US 12,277,759 B2
Dual deep learning architecture for machine-learning systems
Ying Xie, Marietta, GA (US); and Linh Le, Kennesaw, GA (US)
Assigned to Equifax Inc., Atlanta, GA (US)
Filed by EQUIFAX INC., Atlanta, GA (US)
Filed on Jan. 5, 2024, as Appl. No. 18/405,709.
Application 18/405,709 is a continuation of application No. 17/820,249, filed on Aug. 17, 2022, granted, now 11,893,781.
Application 17/820,249 is a continuation of application No. 16/141,152, filed on Sep. 25, 2018, granted, now 11,461,383, issued on Oct. 4, 2022.
Claims priority of provisional application 62/562,898, filed on Sep. 25, 2017.
Prior Publication US 2024/0144665 A1, May 2, 2024
This patent is subject to a terminal disclaimer.
Int. Cl. G06V 10/82 (2022.01); G06F 16/583 (2019.01); G06F 16/903 (2019.01); G06F 18/21 (2023.01); G06N 3/045 (2023.01); G06N 3/08 (2023.01); G06V 10/44 (2022.01); G06V 10/764 (2022.01); G06V 40/16 (2022.01)

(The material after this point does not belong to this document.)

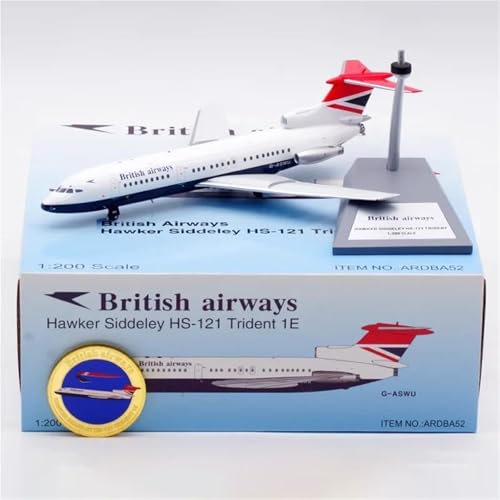 Modelo de avión British Airways Hawk Trident G-ASWU escala 1:200 miniatura coleccionable adultos 3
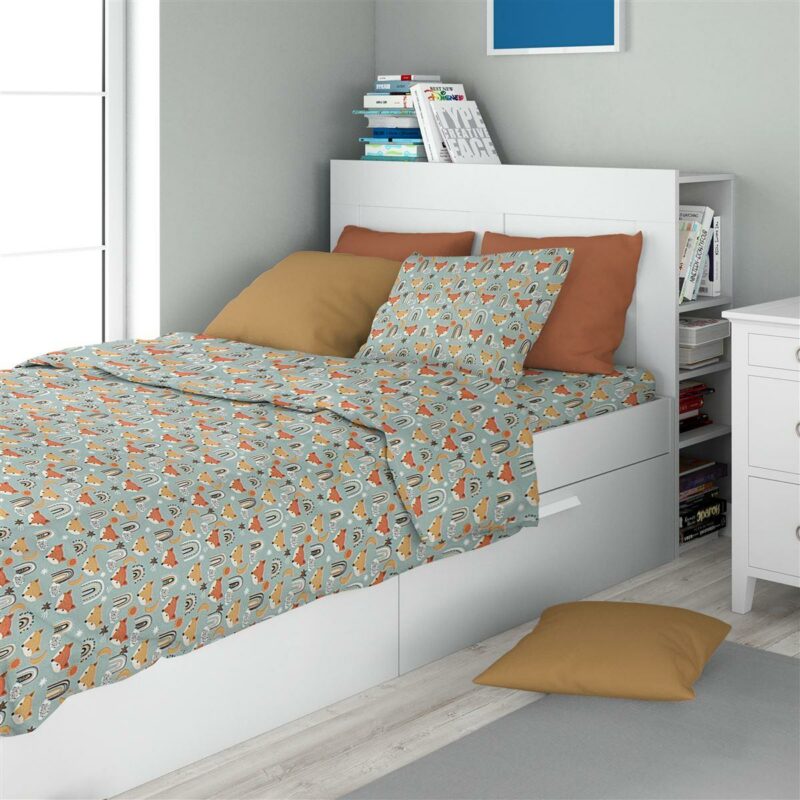 Σεντόνια Εμπριμέ Σετ 2 τεμ kids Fox 528 160X240 Pale Cyan 100% Cotton 5174734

CPC G06V 10/82 (2022.01) [G06F 16/583 (2019.01); G06F 16/90335 (2019.01); G06F 18/21 (2023.01); G06N 3/045 (2023.01); G06N 3/08 (2013.01); G06V 10/454 (2022.01); G06V 10/764 (2022.01); G06V 40/16 (2022.01)] 20 Claims
OG exemplary drawing
 
1. A method in which one or more processing devices of an authentication server system perform operations comprising:
servicing an authentication query by matching an unstructured input data object included as a query parameter in the authentication query to an unstructured reference data object stored in a memory device of the authentication server system, wherein matching the unstructured input data object to the unstructured reference data object comprises:
providing the unstructured input data object to a dual deep learning network, wherein the dual deep learning network is configured to determine a similarity between unstructured data objects based on embedded features in the unstructured input data object and features of the unstructured reference data object,
applying a relationship subnetwork of the dual deep learning network to an input feature vector and a reference feature vector, wherein the input feature vector and the reference feature vector are generated by an embedding subnetwork of the dual deep learning network, and
obtaining, from the dual deep learning network, an output probability of the unstructured input data object and the unstructured reference data object belonging to a common class; and
transmitting, to a client computing system, a responsive message to the authentication query that is generated from the output probability, wherein the responsive message is configured for causing the client computing system to grant or deny access to the client computing system by a user device from which the unstructured input data object was obtained.